-- Given entries follows --
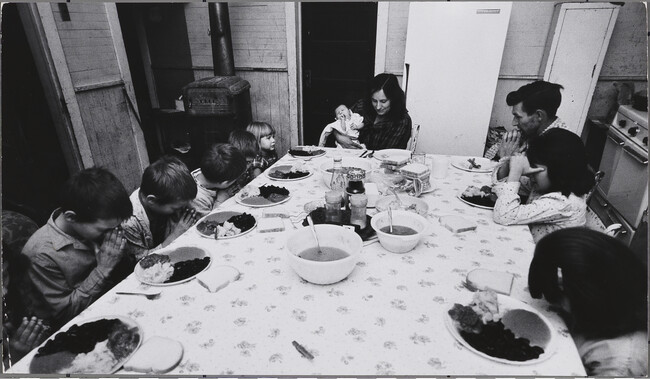 Family Saying Grace at the Table, United States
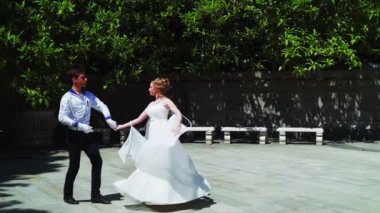 Genç bir adam ve bir kız vals yapıyorlar. Bir öğrenci ve beyaz balo elbisesi giymiş bir kız parkta dans ediyorlar. Yavaş çekimde vals dansı.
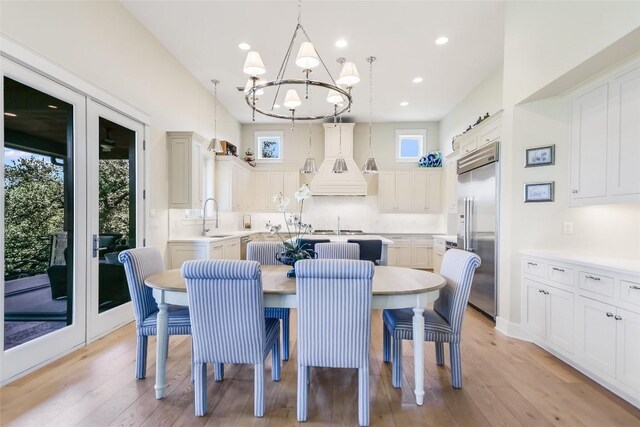 dining room featuring an inviting chandelier, sink, and light hardwood / wood-style floors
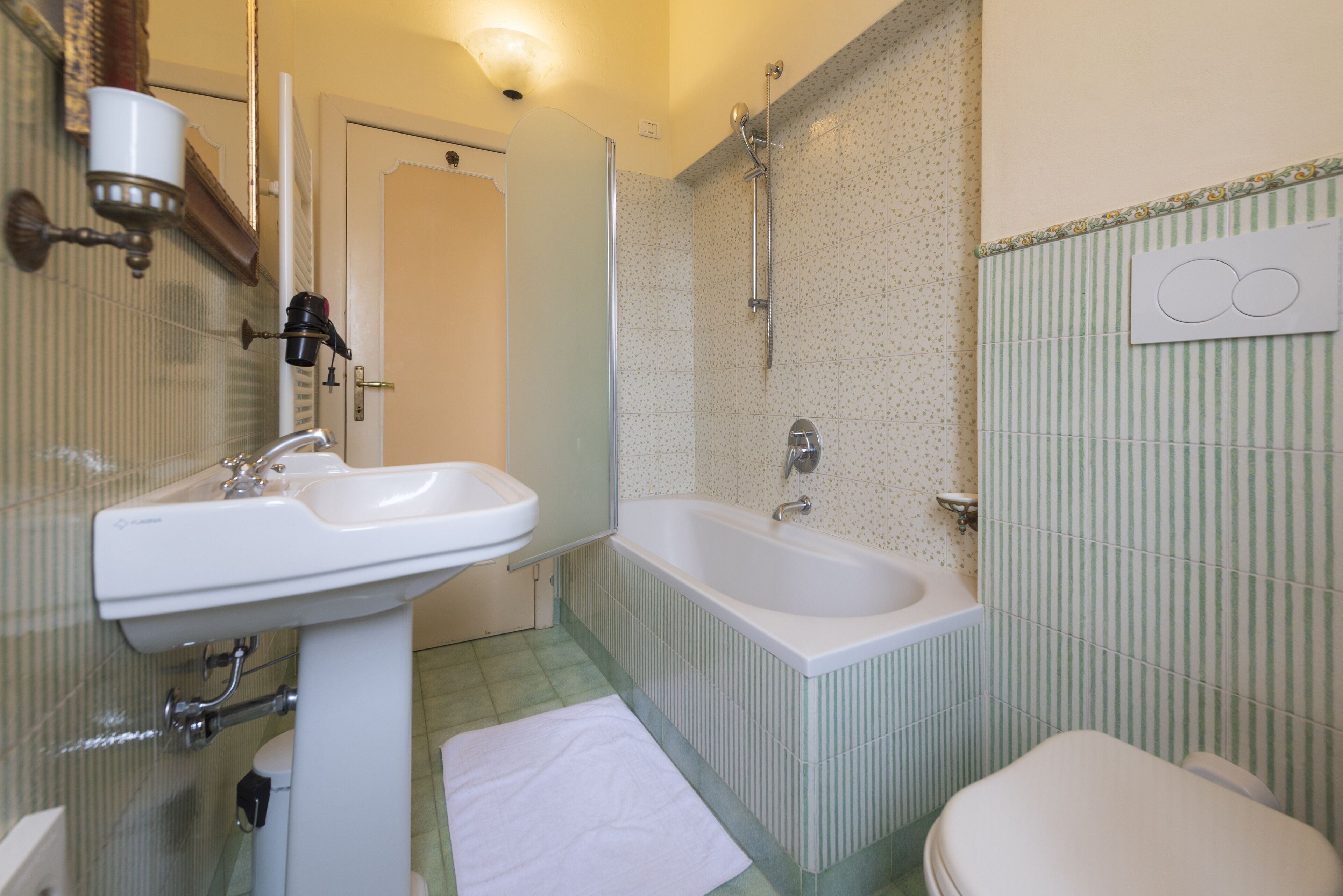 Ein Badezimmer mit Waschbecken, Badewanne, Toilette und Dusche.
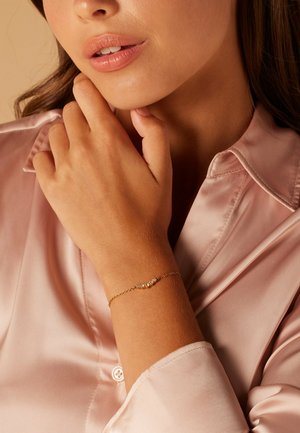 Gold bracelet with a fine chain, featuring three small clear gemstones. The hand rests against a soft pink satin shirt.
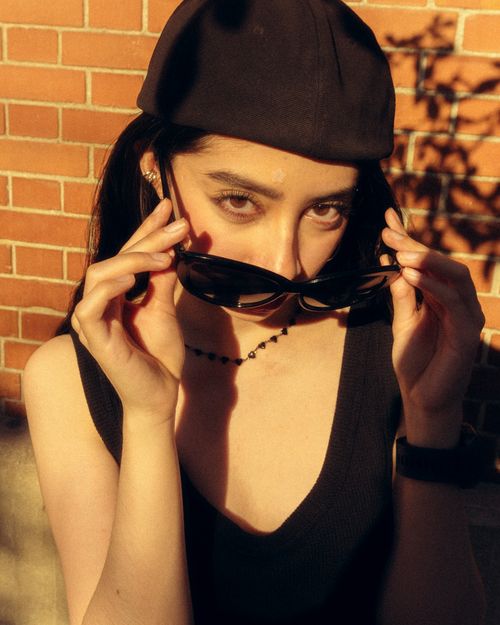 Free A fashionable woman wearing a beret and sunglasses poses confidently in warm sunlight against a brick wall. Stock Photo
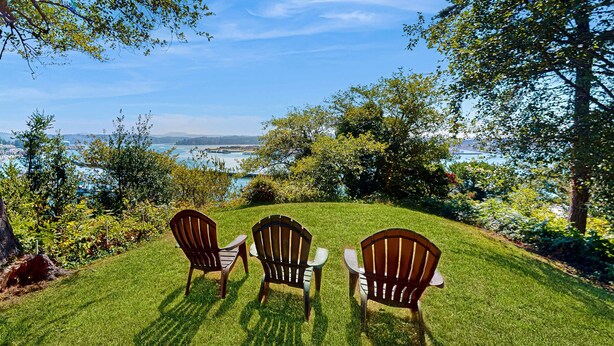 Three Adirondack chairs on a grassy lawn with a view of a body of water and distant landforms. - Bay & Harbor View Home with High-Speed WiFi, Private Washer/Dryer, & Board Games (Newport)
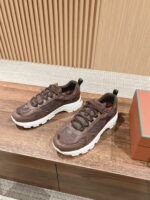 Scarpe sneakers marroni moderne con suola bianca su superficie di legno, eleganti e di tendenza.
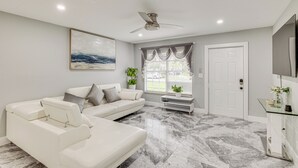 Una sala de estar moderna con un sofá blanco, un ventilador de techo, un ventanal con cortinas y un televisor de pantalla plana montado en la pared.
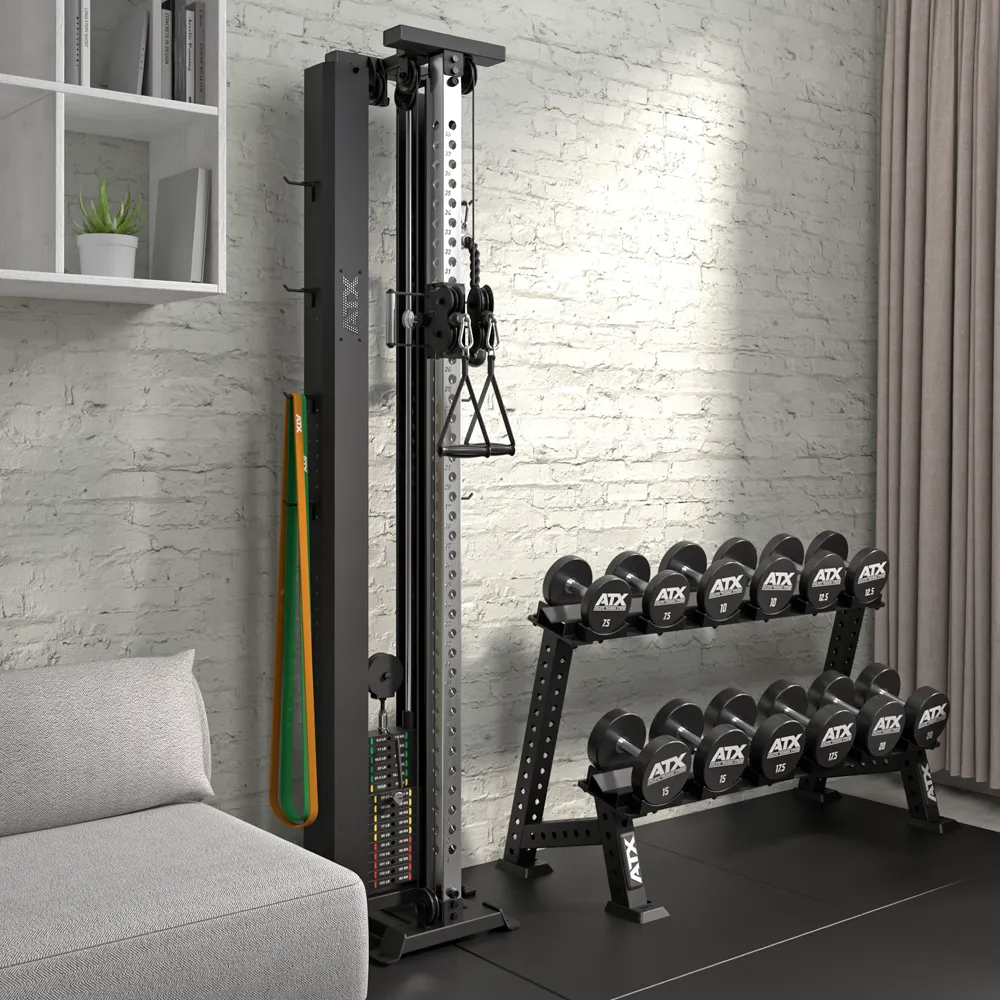 A home gym setup featuring the ATX® Single Cable Station - Wall Mounted, resistance bands, a rack of black ATX dumbbells, a gray sofa, and shelves on a light brick wall.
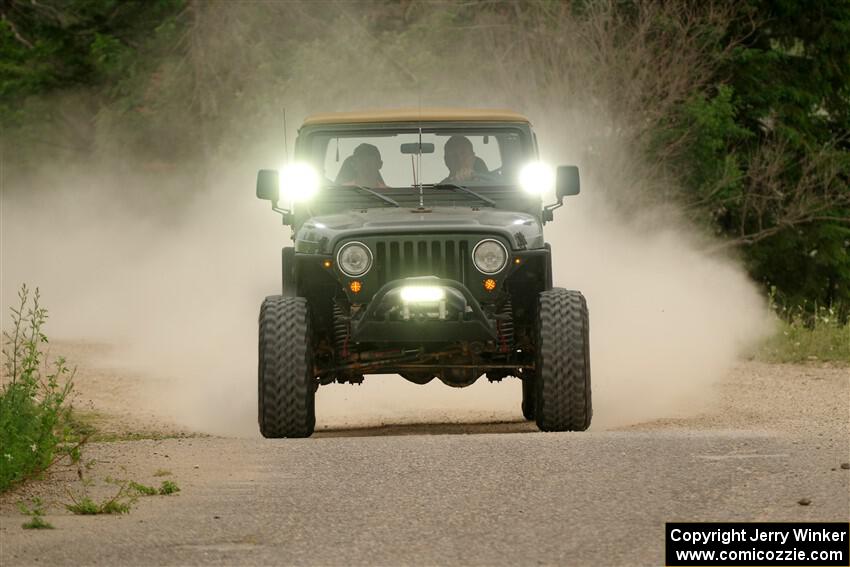 A Jeep Wrangler sweeps SS6, Camp 3 South.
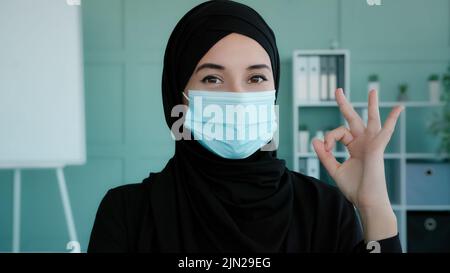 Female portrait in office Islamic successful businesswoman in black hijab wears medical mask Arab Muslim lady boss leader worker shows ok gesture Stock Photo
-- Given entries concluded --
Transcribe the entries from their first line to the line that holds "dining room featuring", both included, and skip every picture.

 Family Saying Grace at the Table, United States
 Genç bir adam ve bir kız vals yapıyorlar. Bir öğrenci ve beyaz balo elbisesi giymiş bir kız parkta dans ediyorlar. Yavaş çekimde vals dansı.
 dining room featuring an inviting chandelier, sink, and light hardwood / wood-style floors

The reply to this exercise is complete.